Monthly Archives: April 2013

What’s In Your Wallet?

authentication, JSON, Windows 8, Windows Phone

UPDATE: Use http://openidtest.uninett.no/jwt instead. The Google link below is okay, but I really get annoyed with all the web traffic that occurs every time you hit any page belonging to Google. And, in this case, every time you test a token. Fiddler just clogs up with a ton of web sessions. Openidtest uses javascript within the page. And it works with any browser I’ve tried.

https://developers.google.com/commerce/wallet/digital/docs/jwtdecoder – for those times when you want to see what’s in your wallet…or…er…just decode a JWT (JSON Web Token)…any JWT…without having to wire up something for testing. For instance, I just threw a brand new blank Windows Phone 8 project into a solution. So far I’d only added a Live Sign In button and wanted to verify that the same UID is being generated from there as is from a Windows 8 app. I have a JWT decoder in my server-side code but still need to wire it up to the WP8 client.
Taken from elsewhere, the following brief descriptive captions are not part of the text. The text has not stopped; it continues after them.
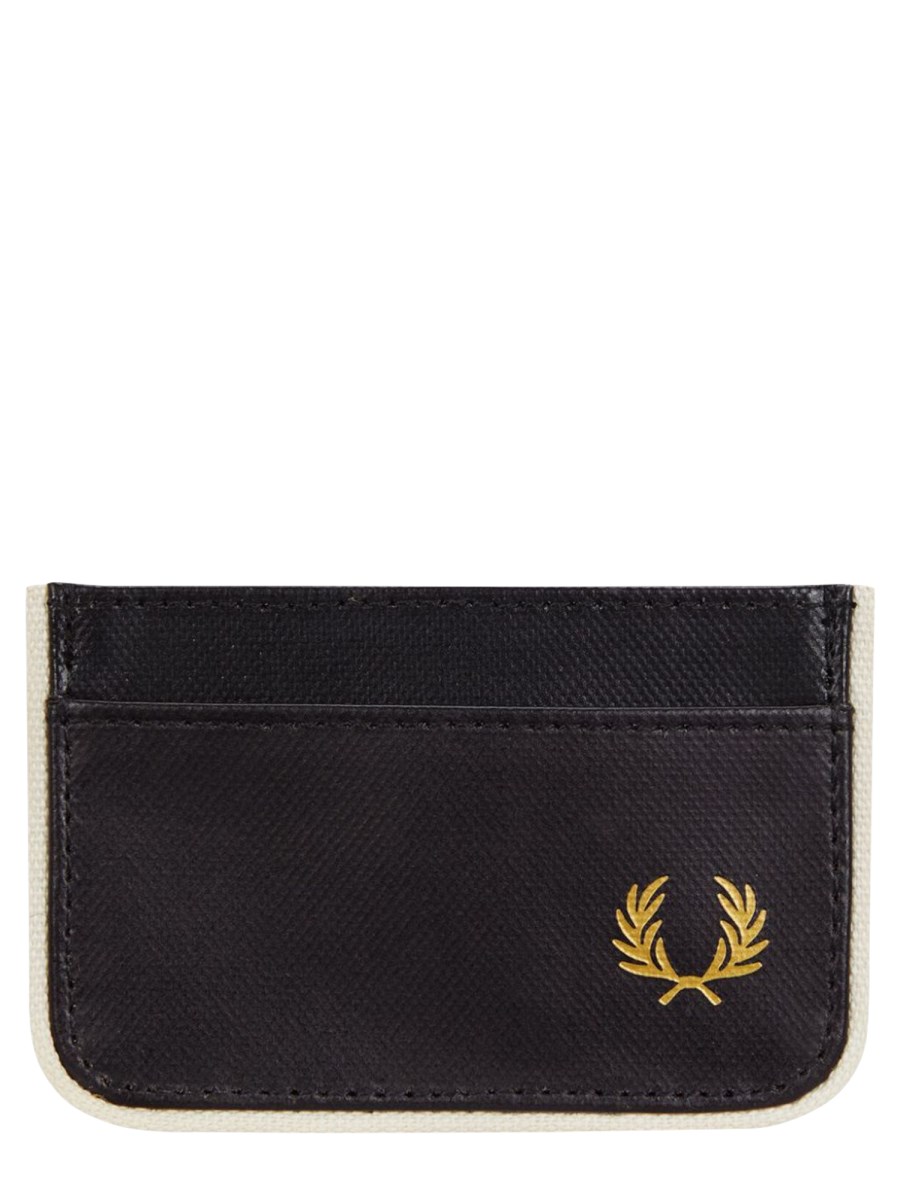 FRED PERRY PORTACARTE LAUREL WREATH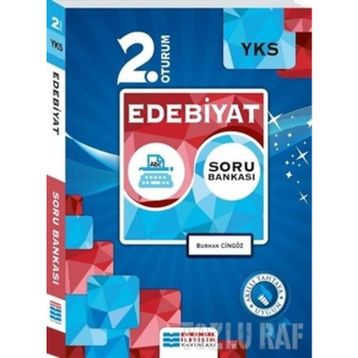 2018 YKS 2. Oturum Edebiyat Soru Bankası - Burhan Cingöz Kanat Yıldız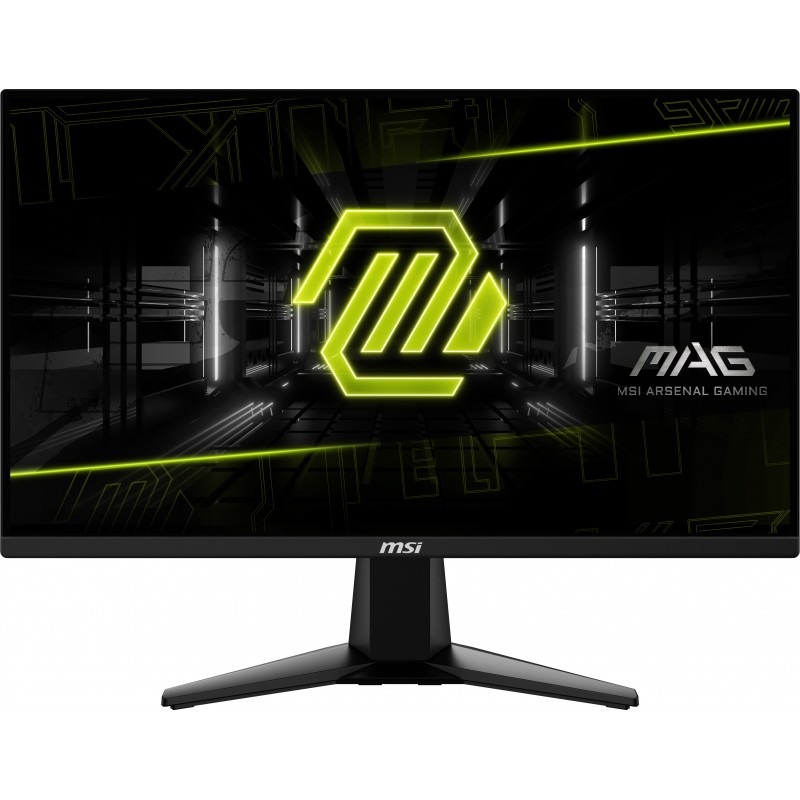 MSI MAG 255F E20 - 24.5" Full HD - LCD - Negro - 200Hz 9S6-3BC21M-043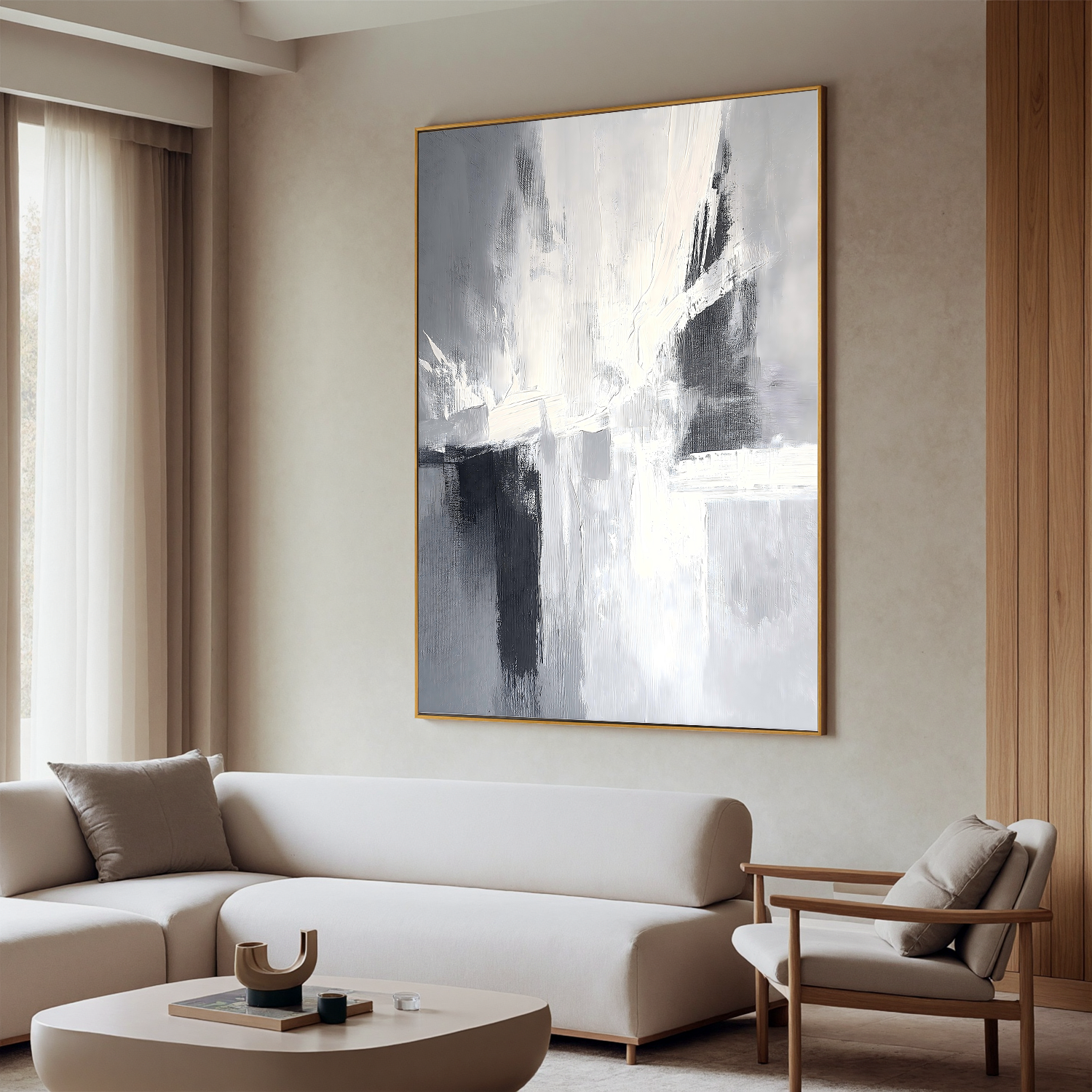 Abstract Art #ZY 380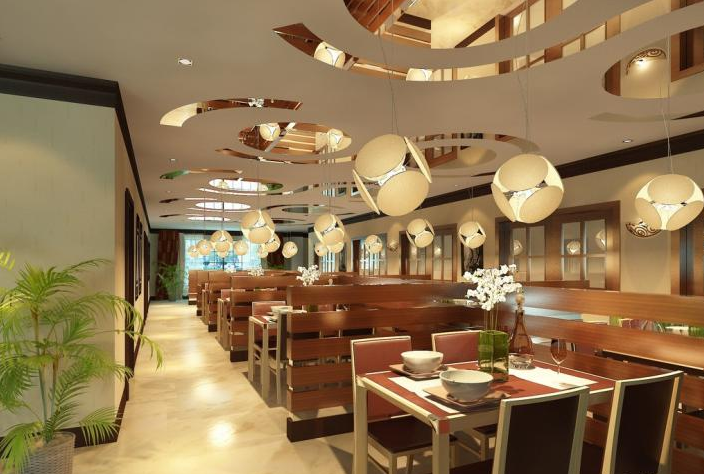 火鍋店合理布局與規(guī)劃設(shè)計(jì)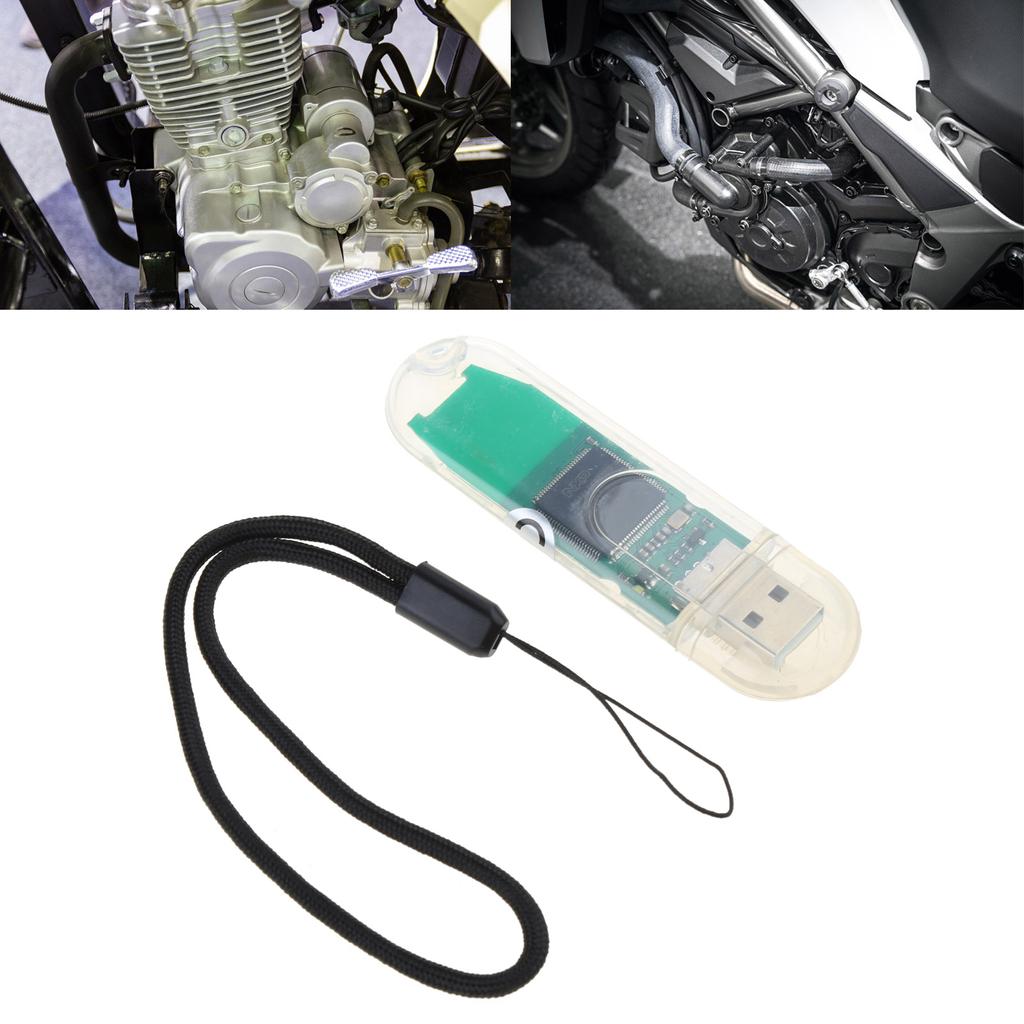 PCMmaster ECU Programmer USB Dongle With 67 Modules for Old Type ECU Programmer Pcmtuner ECU Chip Tuning Free Damaos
The server is expecting more info than just a JWT. You have to appreciate when major competitors – unwittingly or not – work together to help the little guy, yeah?

BTW, if you do sign in with the same Microsoft Account, the UID will be the same. Some more on JWTs related to that subject in an upcoming post.

UPDATE: The decoder doesn’t validate that the JWT is actually signed. This brings up an important point: JWTs are not encrypted. They are signed, but all that means is that the data hasn’t been altered in transit. If you’re going to work with JWTs then SSL is a must…or if you couldn’t (for whatever unfathomable reason) use SSL, some sort of public/private key encryption from client to server.

WinRT Raw Notifications and Suspended State

Visual Studio, WinRT

Something to note if your WinRT app uses raw notifications. They will be received by the device but not by the app if it is suspended. This makes sense but may not be obvious sometimes because swiping the left side of the screen may still show the app on the stack. So it will appear to still be active, even if not in the foreground. The exception, of course, is if your app is registered to use a background service and the user has decided your app is important enough to be one of the “Lucky Seven” (those apps given permission to use the Lock Screen). I wouldn’t count on it.

It took me a bit to spot this behavior. I was noticing an instance of the app on one machine would sometimes receive raw notifications if it wasn’t in the foreground, sometimes not. The “not” occurred after a decent time lapse, which was the first clue. My server notification logs were no help because only client devices that were off or logged out of would return a status other than OK from the notification service. As mentioned, if the device is on and logged into, the notification service will successfully send the message. This makes sense. All it cares about is reaching the client at the specified URI. It’s up to the client to do what it wants with the received message. In this case, it appears the WinRT designers elected not to wake up an inactive app. Not a problem, but something to be aware of.

In my case, raw notifications are used to tell the app to update its data. It just means that the same sort of behavior also has to be triggered by resuming from a suspended state. BTW, for those who don’t know, you can suspend an app from within Visual Studio while debugging. To enable this, select TOOLS > Customize from the Visual Studio menu. Check the box next to “Debug Location”. If you have a solution with multiple projects you may have to select the right WinRT project from the Process pull-down menu.